For the 2015 and 2016 tax years, only the first $118,500 of earnings was subject to the 6.2% social security payroll tax. That said, that "taxable minimum" is set to soar to $127,200 for the 2017 tax year, a 7.3% increase that will cost America's top earners an additional $539 this year.
As Bloomberg points out, the steep increase in 2017 is the result of the federal government making up for lost time as the "taxable minimum" is not allowed to increase in tax years during which benefit recipients don't get a cost-of-living increase.
A 7.3 percent hike is way above inflation: The main U.S. consumer price index was up 1.7 percent in the 12 months ended in November (the latest data available), and it rose just 0.7 percent in all of 2015. So what’s going on here? Well, the Social Security taxable minimum is adjusted annually based on an index of U.S. wages, not consumer prices. The National Average Wage Index was up 3.5 percent in 2015, five times faster than inflation.

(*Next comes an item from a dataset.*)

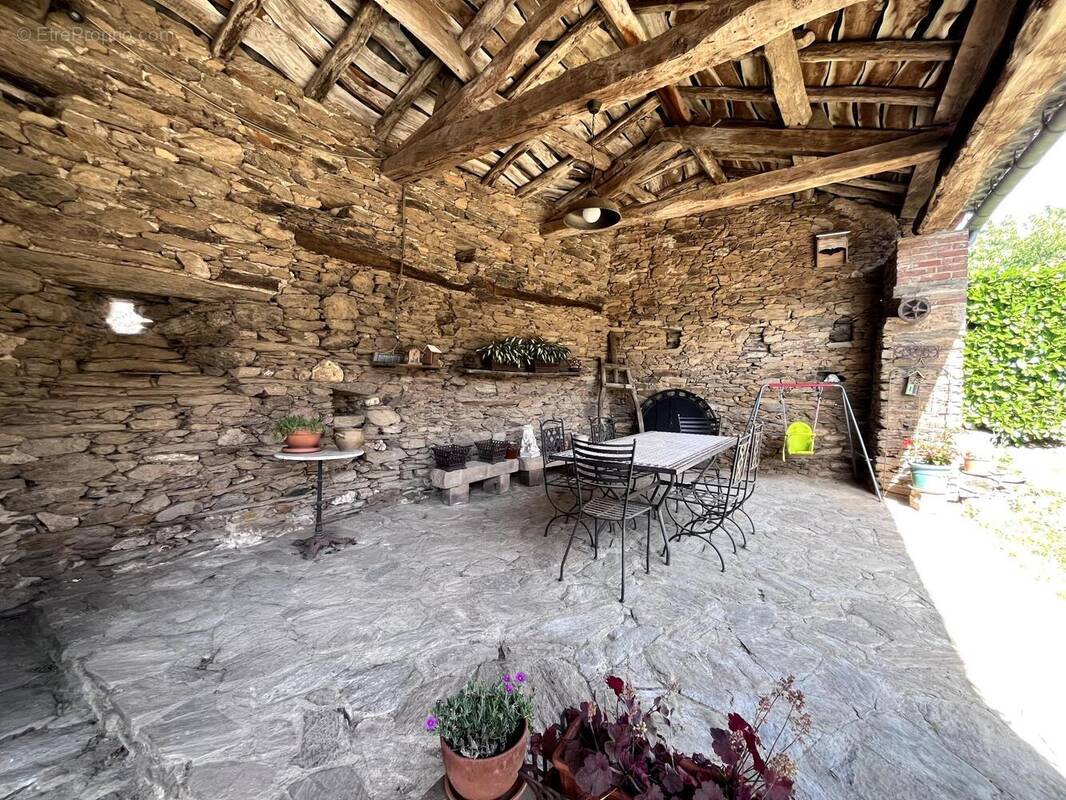 Photo 1 - Maison à VALDERIES
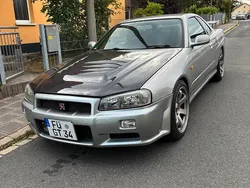 Silber Gebraucht 1998 Nissan Skyline Coupé | 34.000 €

But the real reason for this sudden, steep hike is simply that the government is making up for lost time. The 2017 hike is essentially two years of wage gains packed into one. The wage index also rose 3.6 percent in 2014, but the Social Security Administration couldn’t raise the taxable minimum last year because rules prevent an increase from happening in a year when Social Security recipients don’t get a cost-of-living increase.
Overall, the tax hike is expected to take an incremental $11.6 billion out of American pockets in 2017 according to the Social Security Administration. The 7.3% increase in the "taxable minimum" is the largest to hit taxpayers since 1983 when the maximum was still under $40k.
That said, despite the substantial 2017 increase in the taxable minimum, the overall percentage of taxable earnings subject to FICA tax has been on a steady decline since the early 80s as growing income disparity in the country has consolidated an increasing share of income in top earning households.
But, for those Millennials who suddenly feel some hope that they may actually be able to afford retirement now, please remember that, like many of America's public pensions, Social Security is still just another ponzi scheme that, even by their own numbers, will run out of money by 2034. Nothing like "throwing good money after bad" as they say.